Antiderivative and indefinite integral

The function $F(x)$ is called the antiderivative of the function $f(x)$ defined on some set $X$ if $F^{\prime }(x)=f(x)$ for all $x\in X.$ If $F(x-)$ is an antiderivative of the function $f(x),$ then $\mathrm{\Phi }(x)$ is also an antiderivative of the same function if and only if $\mathrm{\Phi }(x)=F(x)+C,$ where $C$ is some constant.
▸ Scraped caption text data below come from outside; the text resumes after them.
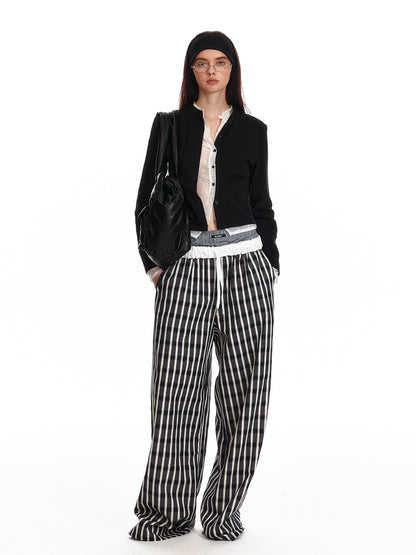 Foldable Waist Stripe-Look Checkered Pants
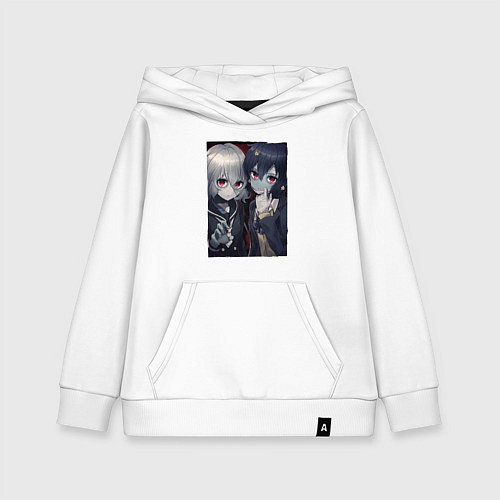 Детская толстовка-худи Ай и Дзюнкр - Зомбилэнд Сага Месть / Белый – фото 1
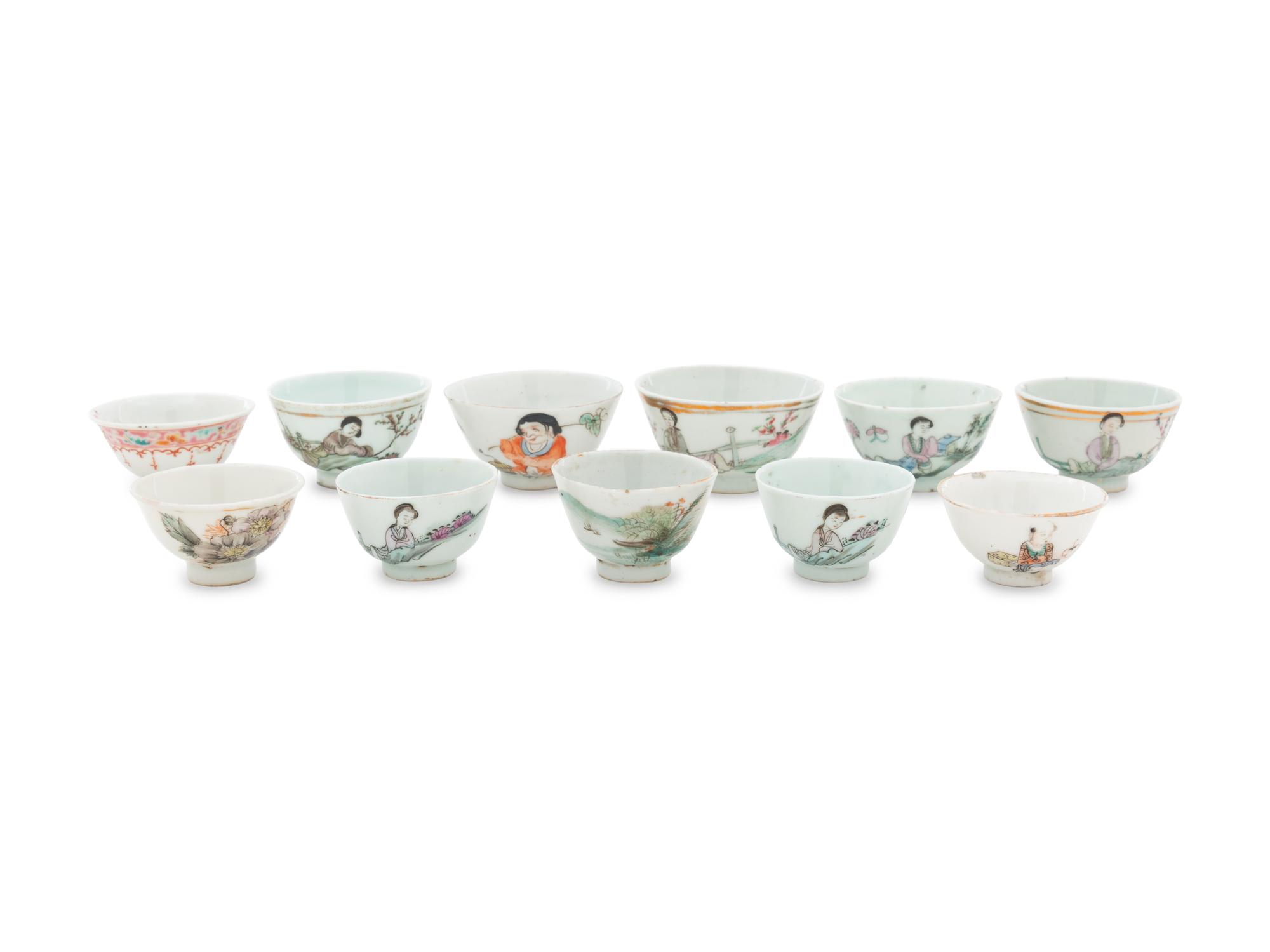 Eleven Chinese Famille Rose Porcelain Wine Cups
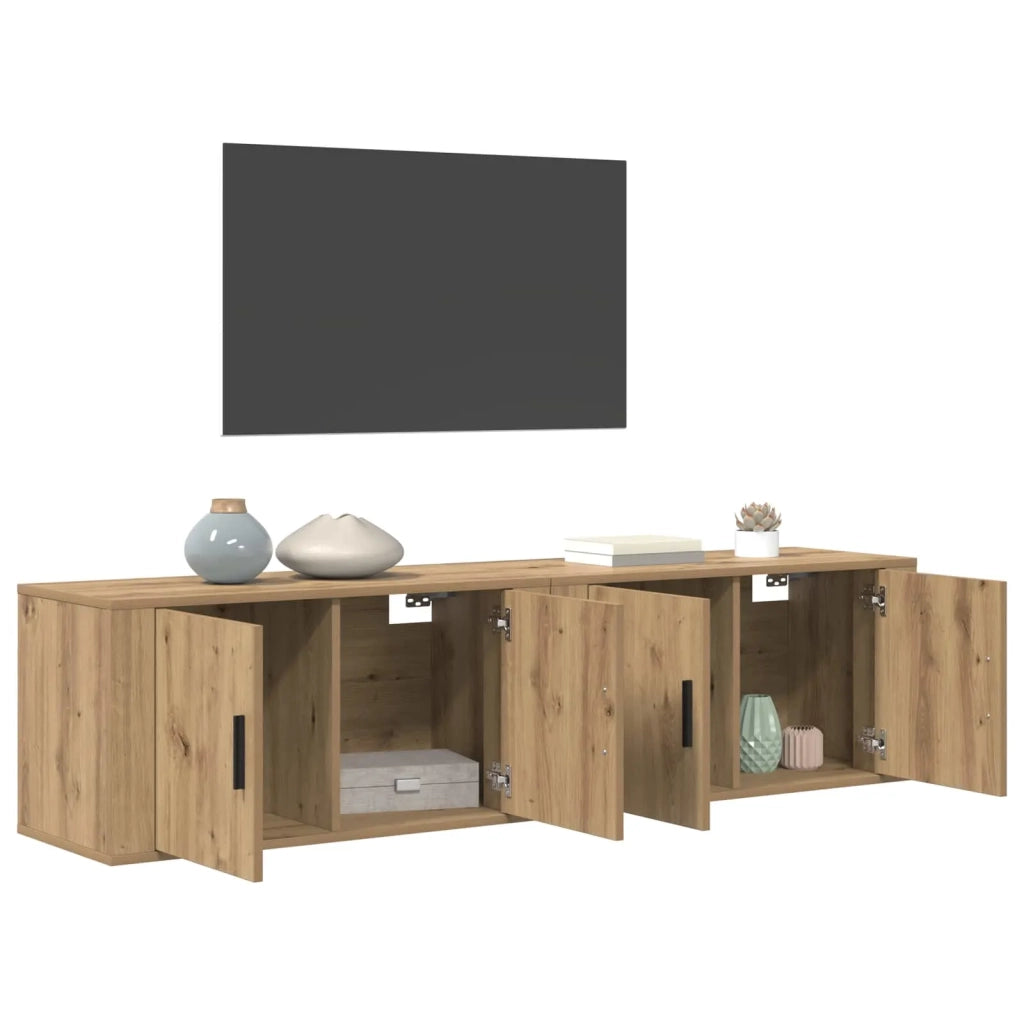 Set Mobile TV da Parete 2 pz | Armadietto TV | Mobile Porta TV Rovere artigianale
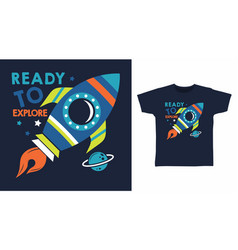 Rocket Explorer Cartoon Tshirt Concept Design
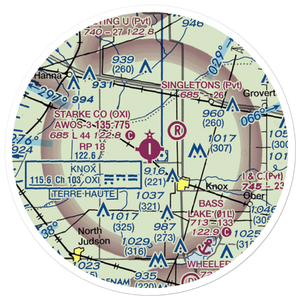 Starke County Airport (OXI) VFR Sectional Sticker (20 mile)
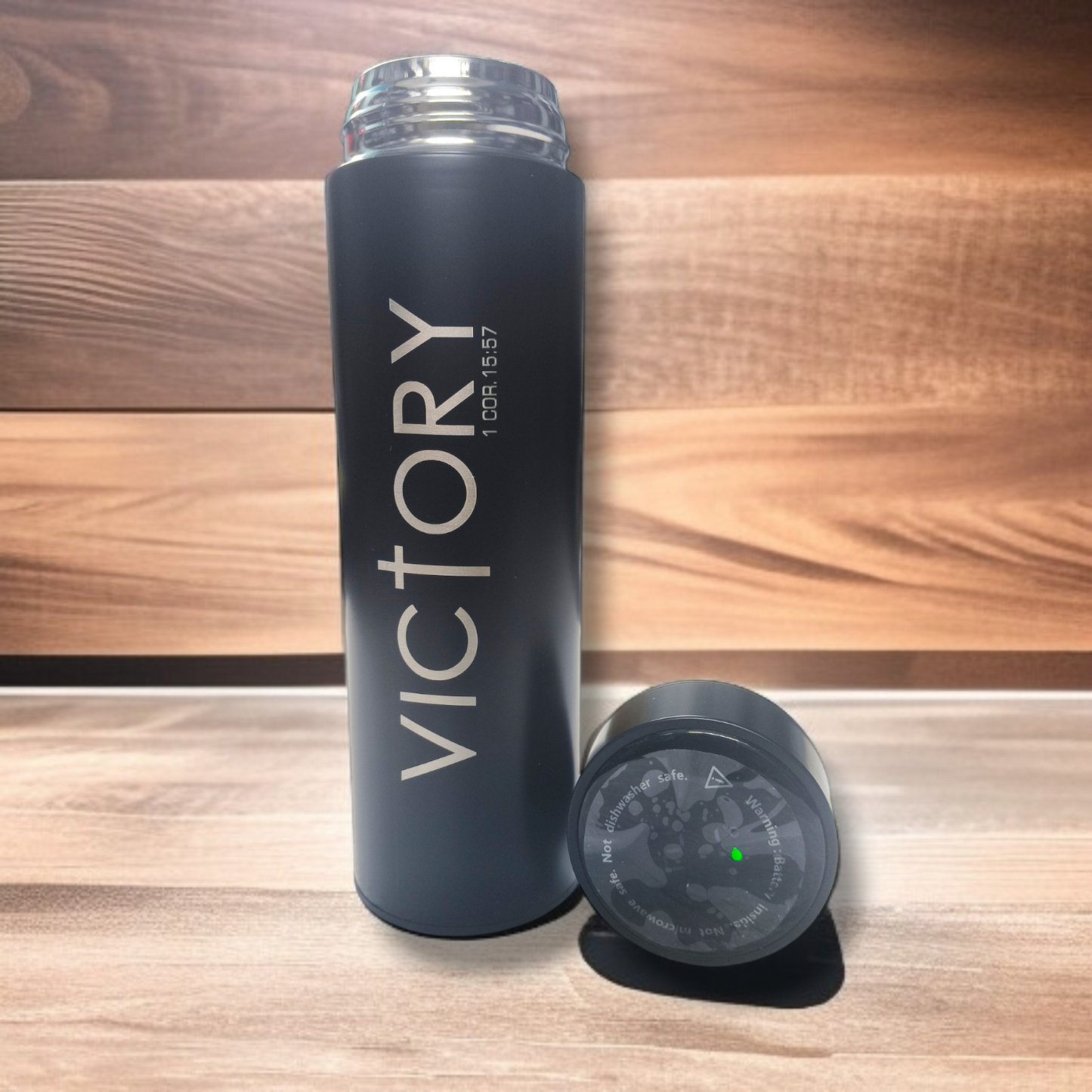 LED Temperature Display | Water Bottle 750 ml | Bible Verses Printed ( 1 Corinthians 15 : 57 ) Premier Kitchen | Pure Stel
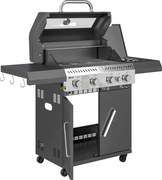 Outsunny Grill gazowy 12 KW na wózku z 5 palnikami bocznym palnikiem kółkami pokrywą termometrem bocznymi półkami 135 x 54 x 110 cm
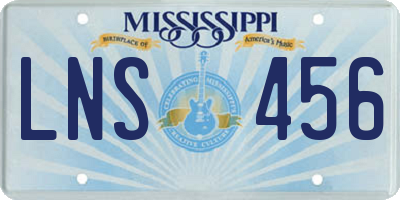 MS license plate LNS456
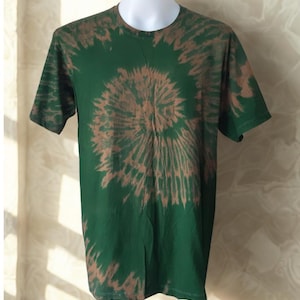 L-XL Green Army Bleached Swirl Tie Dye T Shirt Unisex / TBG01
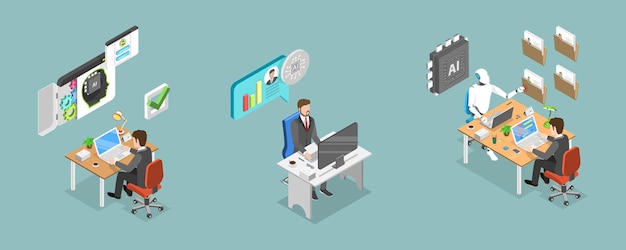 Ilustración de vectores planos isométricos 3D de los recursos humanos y la IA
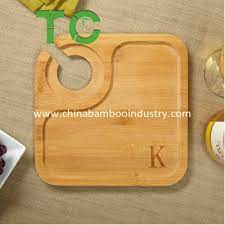 Bamboo Appetizer Tray Party Plate With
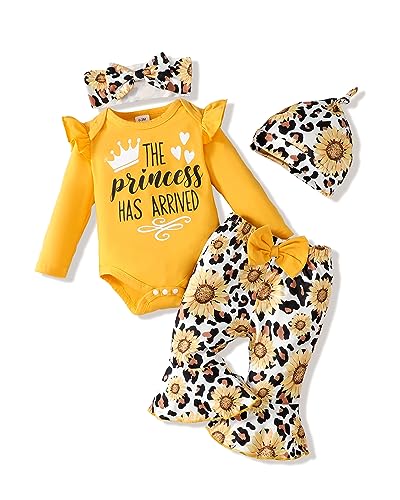 Newborn Baby Girl Clothes Infant Outfits Clothing Ruffle Romper Bell Bottoms Flared Pants Outfit Sets for Baby Girls 0 belly baby and beyond
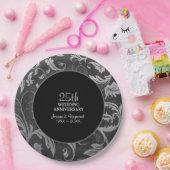 シルバーブラックダマスク25周年記念 ペーパープレート (パーティー)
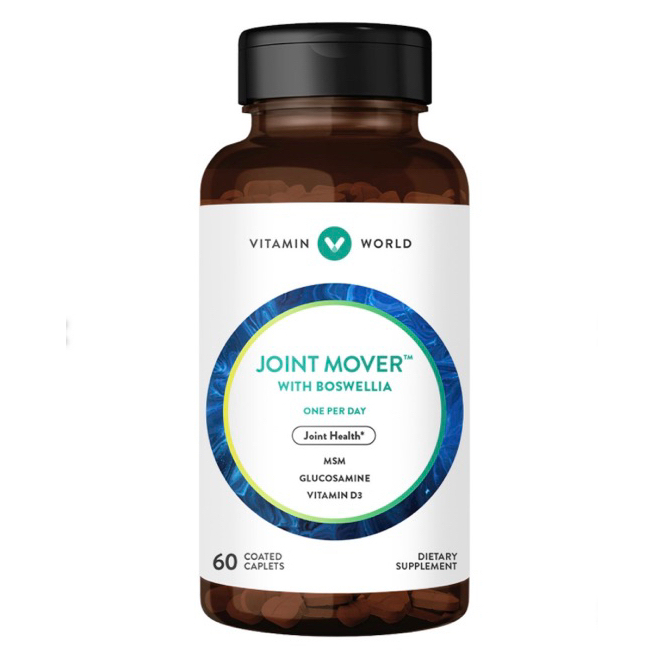 exp.04/2025 ใหม่ล่าสุด ทานแค่วันละ 1 เม็ด Vitamin World Joint Mover Glucosamine with Boswellia & Vitamin D3 One per day 60 เม็ด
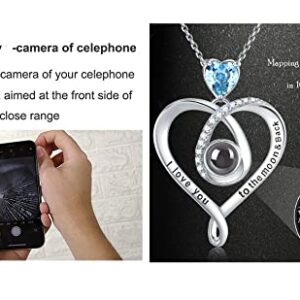 Birthday Gifts for Wife Blue Topaz Jewelry I Love You Necklace 100 Languages to the Moon and Back Sterling Silver Women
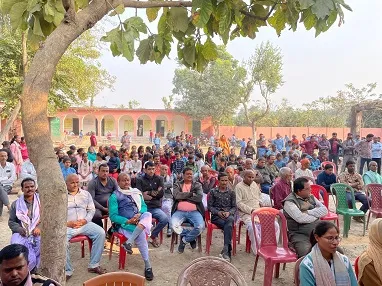 Social awareness program with villagers at Middle School Fulbari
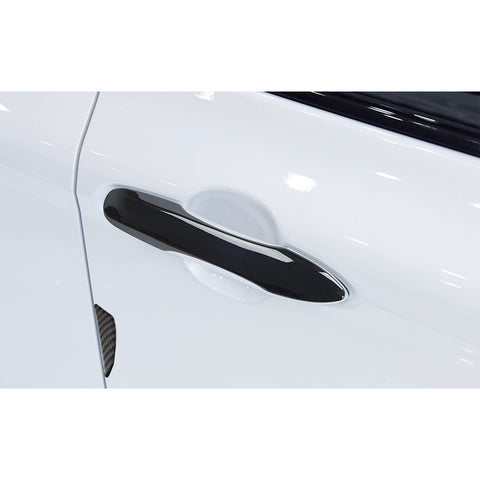 Glossy Black Smart Door Handle+Door Edge Protect Trim For Toyota Camry 2018-2024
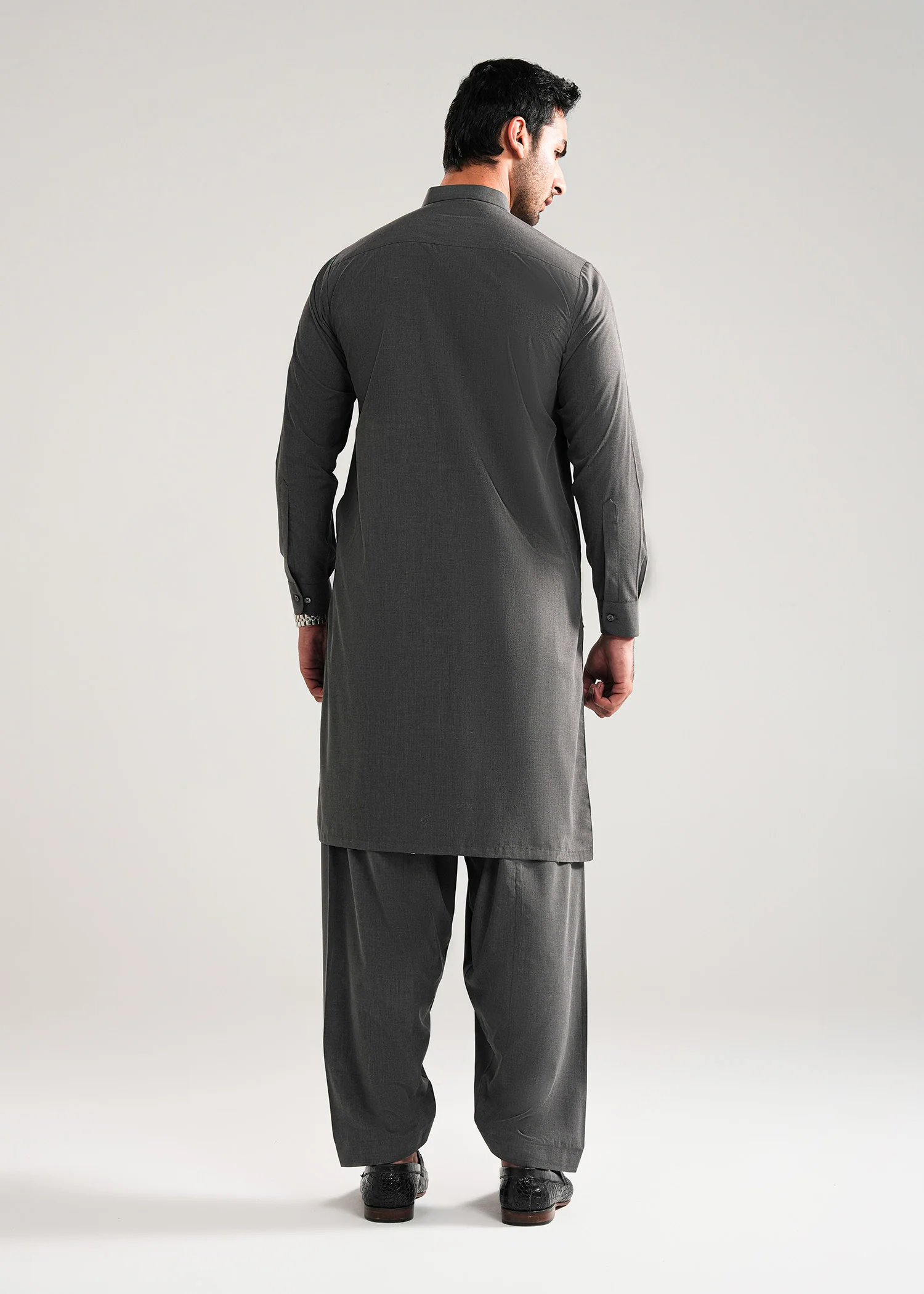 Smoke Grey Melange Kunhaar Summer Wash & Wear Shalwar Kameez - Image 5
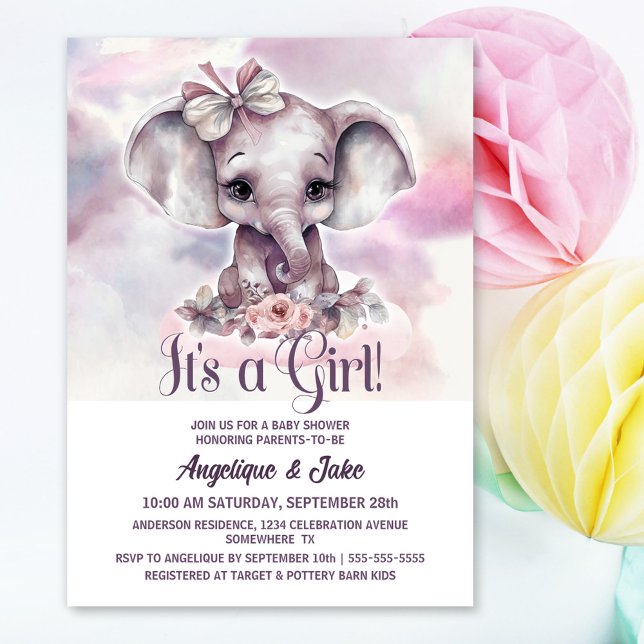 Invitación Es un Chica Chica elefante bebé Baby Shower (Subido por el creador)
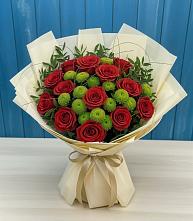 Букет цветов из:  Розы и Хризантемы в Городище Пензенской области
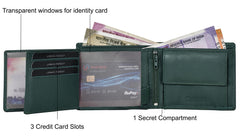 URBAN FOREST Oliver Green Leather Wallet For Men, 6 Card Slot - Green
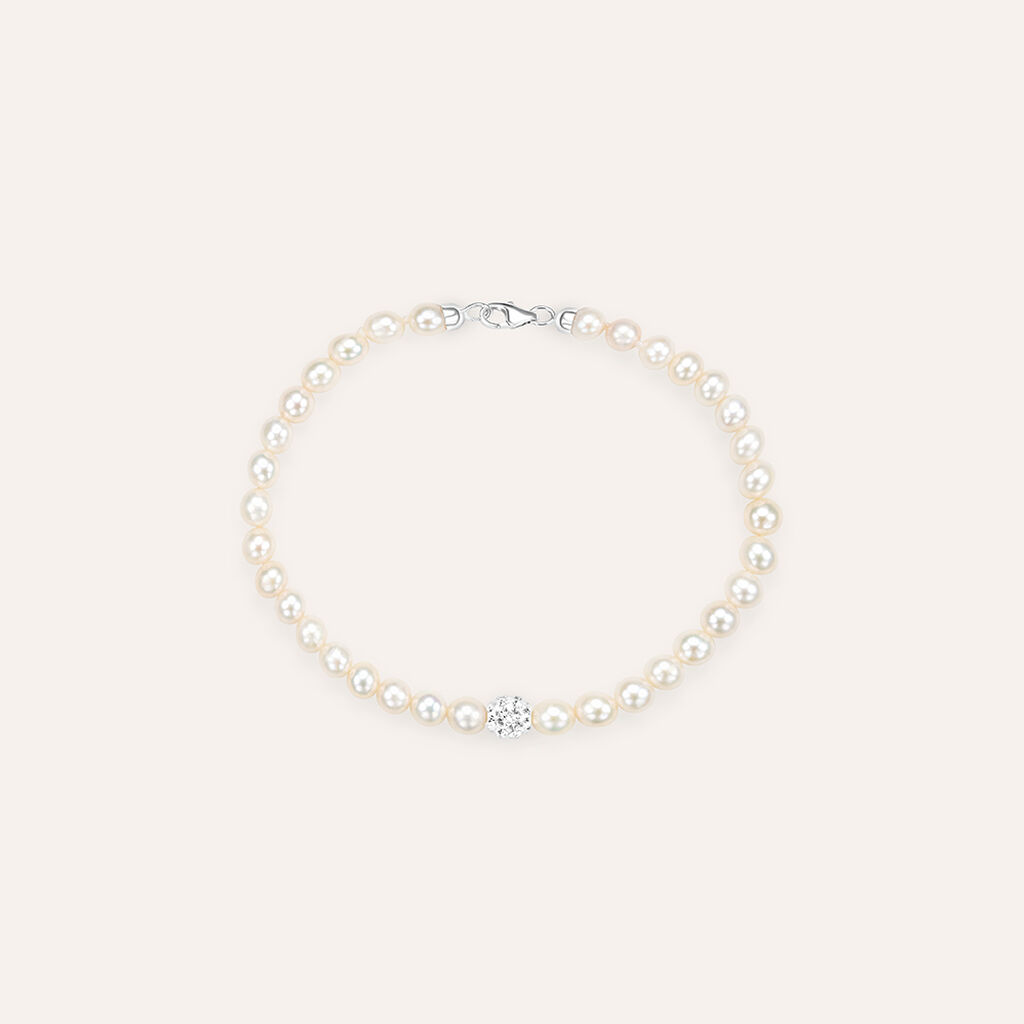 Bracciale Gabrielle Oro Bianco Perla D'Acqua Dolce Cristallo - Bracciali Donna | Stroili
The set of all antiderivatives of the function $f(x)$ is called the indefinite integral of this function and is denoted by the symbol.

$$\int f(x)dx.$$ Thus, by definition $$\int f(x)dx=F(x)+C,$$ where $F(x)$ is one of the antiderivatives of the function $f(x)$ and the constant $C$ takes real values.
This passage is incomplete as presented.